USA - the undemocratic society.


Unelected undemocratic US Supreme Court which can over rule legislation passed by Congress which itself is undemocratic if slightly less so than the Supreme court.


We recently ran a piece on this blog where we explained how the US is a censored society. The privately owned capitalist mass media and the two capitalist parties the Republicans and Democrats make sure of that. And if they need any help the state which they control gives them a hand out. And the education system does its part also.

How many people have you met who have never heard of Eugene Debs, of the great 1934 strikes that changed this country, of the fact that when they were murdered by the state both Malcolm X and Martin Luther King were both talking of working class unity and socialism? The mass capitalist media hides these facts, censors these facts.

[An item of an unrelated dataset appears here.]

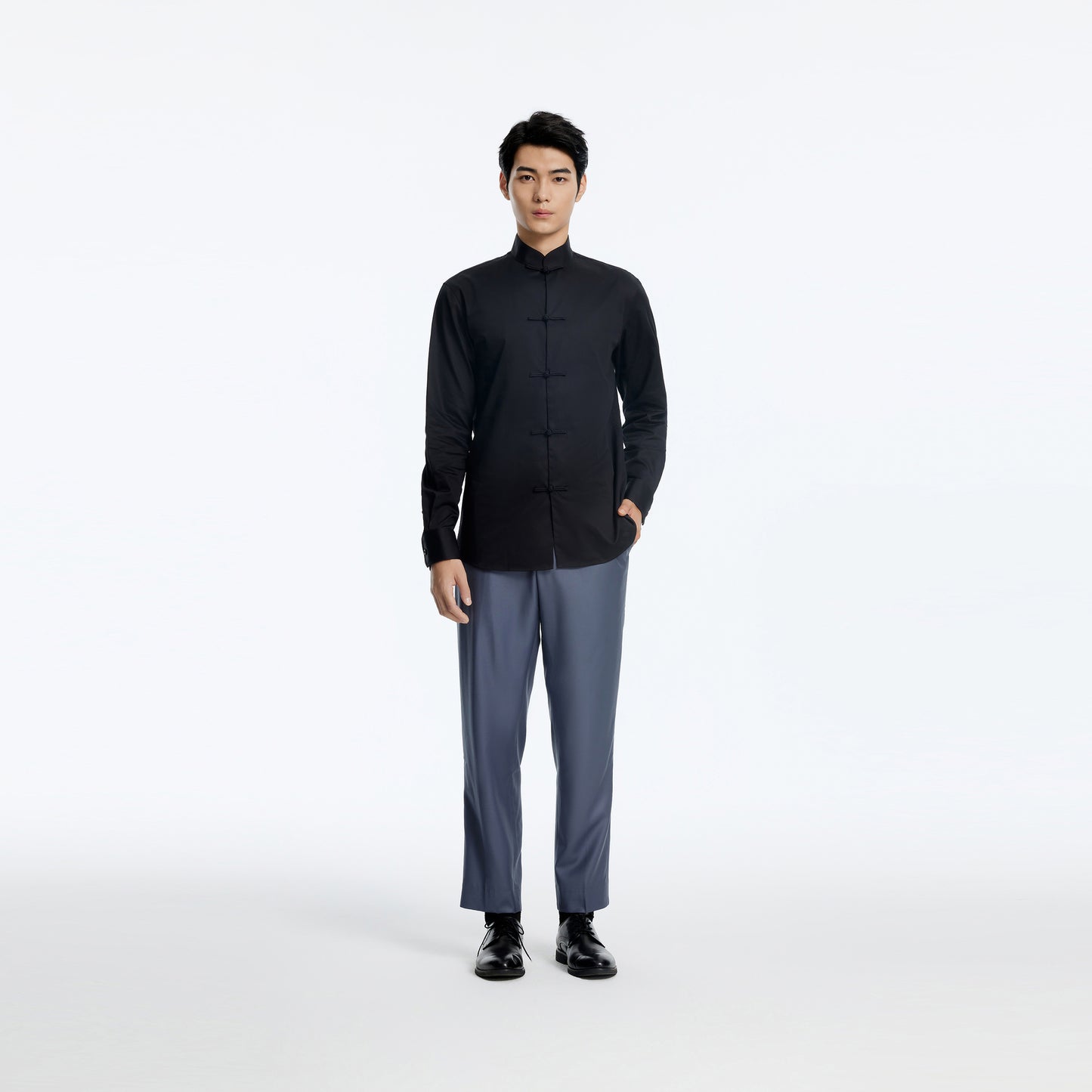 Tang five-frog Chambray Shirt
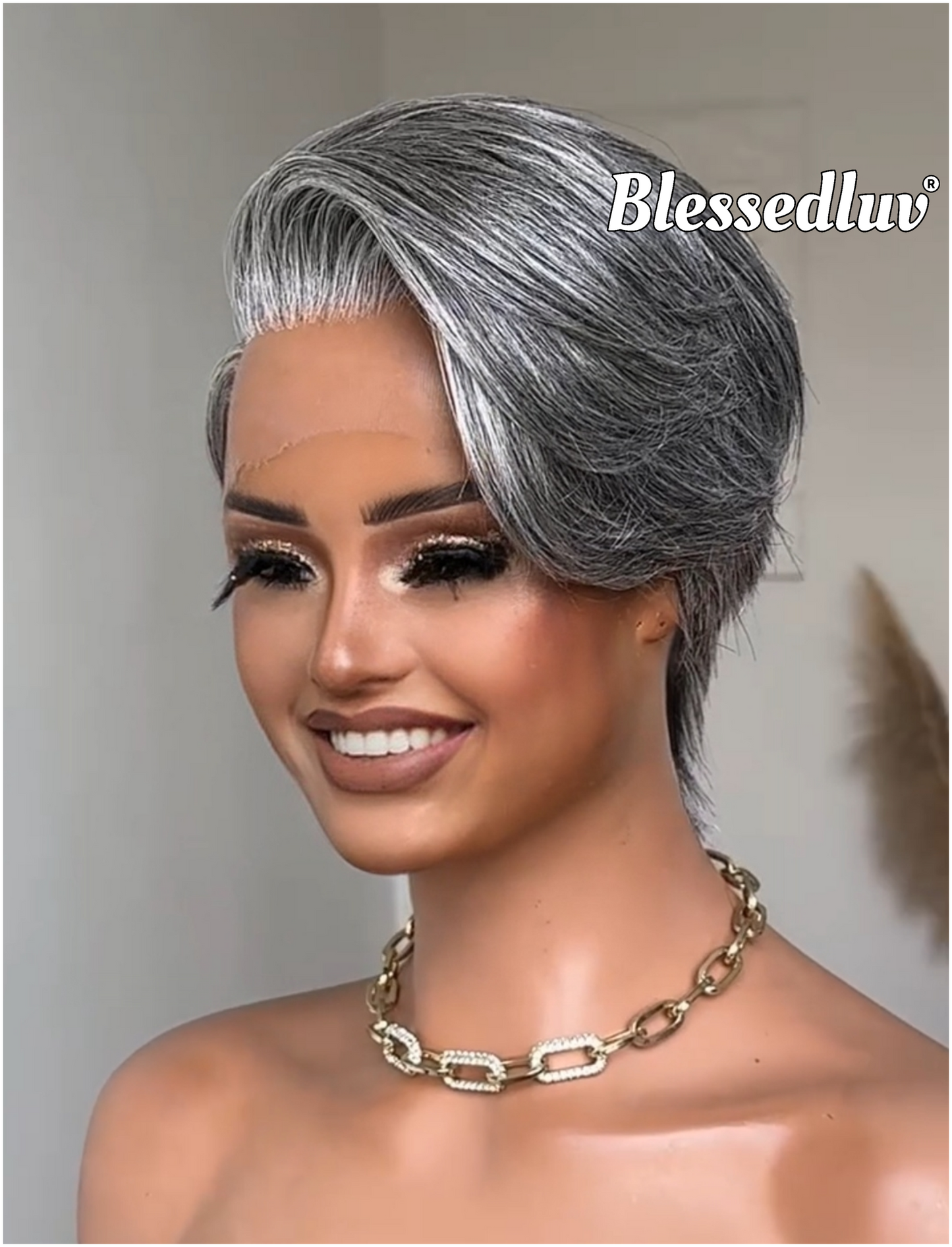 Sylvia - Elegant Salt & Pepper Grey Pixie HD Glueless Lace Wig-Blessedluv.com-Brazilianweave.com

The so called liberal media does its work also. Even shows such as Bill Maher which criticize the politicians and other aspects of American capitalist life. What these never do is put forward an alternative. For example put forward the need to break the monopoly of capitalism over US politics and build a mass working class party. If they put forward this alternative they would be off the airwaves so fast their heads would spin. It is because they do not put forward an alternative that they are allowed to appear again and again on the mass capitalist media such as CNN. Their continuous criticism is not dangerous because they put forward no alternative. In fact their continuous criticism to some extent makes things worse as they can help to demoralize people by focusing only on how bad things are and how the big powers rule and how give no alternative.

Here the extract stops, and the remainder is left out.